Does Design Thinking Deliver?

INTRODUCTION TO SYSTEMS DESIGN THINKING

The goal of business is pretty simple, right? Provide a product or service that people want so you can make money and stay in business.. For years companies have turned to various tools and methods to crank out new and exciting solutions. One of which has become highly trusted - design thinking. Design thinking has a pretty impressive track record, no one is denying that. However, as products and services gain in complexity seemingly by the minute, design thinking is showing vulnerability in its ability to generate holistic and scalable solutions. Enter Systems Design Thinking. It’s the evolution of design thinking to include systems engineering methods to ensure new ideas consider all perspectives involved and that the idea can successfully scale. Systems design thinking is your new superpower.

In our experience, “traditional” design thinking can fall apart when it’s time to transition the project from its fast-paced, high-energy phase into the devil’s-in-the-details phase of engineering and development.

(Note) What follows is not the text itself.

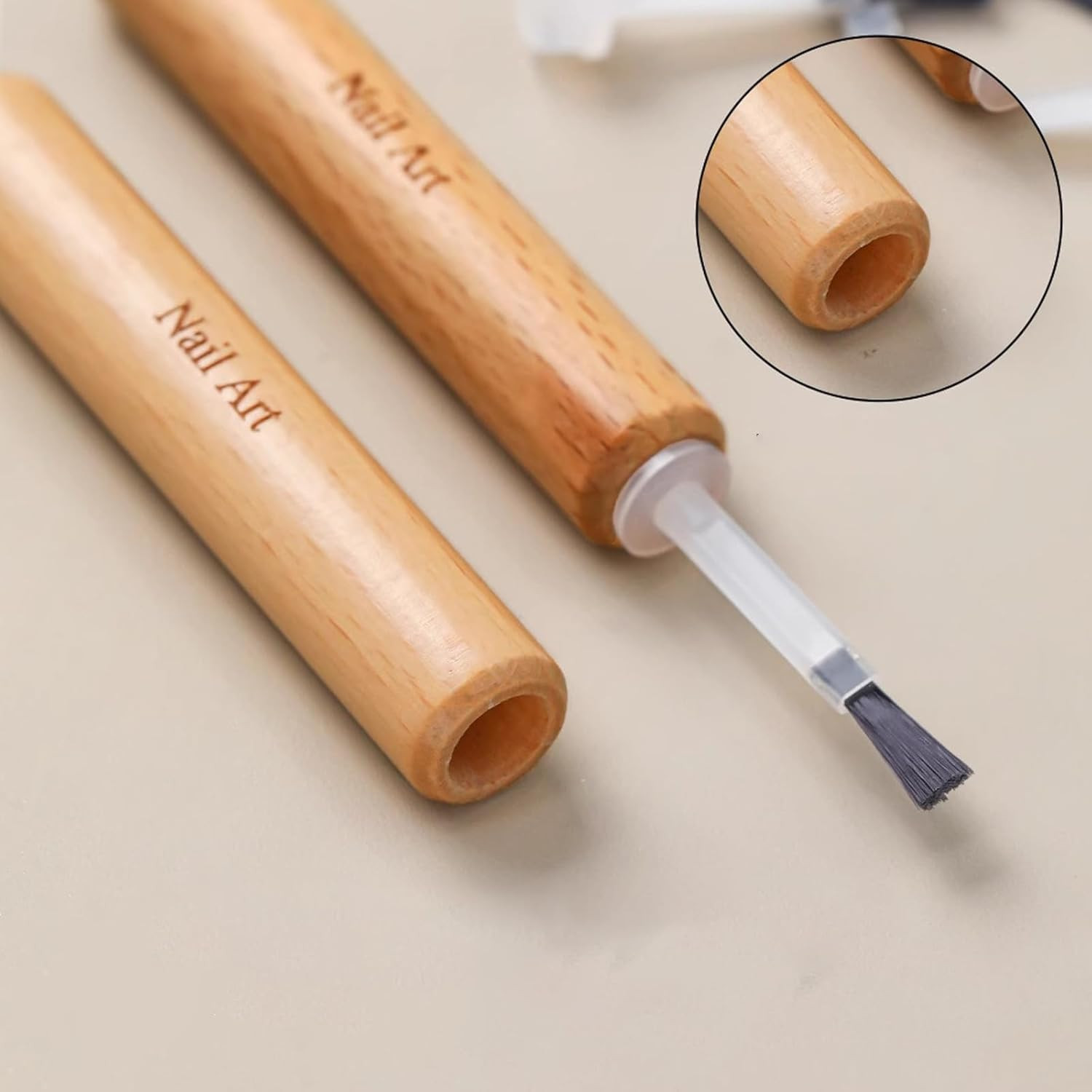 100Pcs Nail Polish Brush Replacement Brush with Double Side Wood Pen Holder Kit,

This can leave great ideas gathering dust on the shelf. Initiatives such as Design Thinking 2.0 acknowledge design thinking projects can struggle to scale and suggest introducing systems thinking / design as a replacement to design thinking. We agree in adding systems-focused methods, but not entirely scrapping design thinking.

As already stated, Systems Design Thinking is the evolution of design thinking. It takes the best of design thinking - the rapid generation and testing of innovative ideas - and merges it seamlessly with the holistic perspectives, methods and best practices of systems engineering. In other words, systems design thinking provides a framework to identify innovative ideas, understand their relationship to the various systems they must interact with and then define them clearly and concisely. This lets new ideas stand a chance of surviving the different team-to-team handoffs and transitions which occur from idea to prototype to final solution.

Before we go further, why should you listen to us, who are we? Foremost we’re systems design thinking experts. We not only learned from the method’s creator herself, Sirietta Simoncini, while at Cornell University, we also had the opportunity to help her develop an online version of her curriculum and were the first instructors to teach it. We’ve deployed systems design thinking on all kinds of projects (a girls’ school in Ghana, a consumer product, a new business plan and product, organizational design, etc.). Secondly, we’re systems engineers. We help our clients detangle the complexity of their own products. We’ve also worked with NASA on two different projects developing tools to improve the practice of systems engineering. Lastly, we’re product engineers. We’ve been in product development for 30+ years combined. We know, firsthand, the nuanced challenges associated with developing complex products and the pitfalls that occur during transitioning a project from concept to reality. And we’re NOT process geeks; we only use something if it works.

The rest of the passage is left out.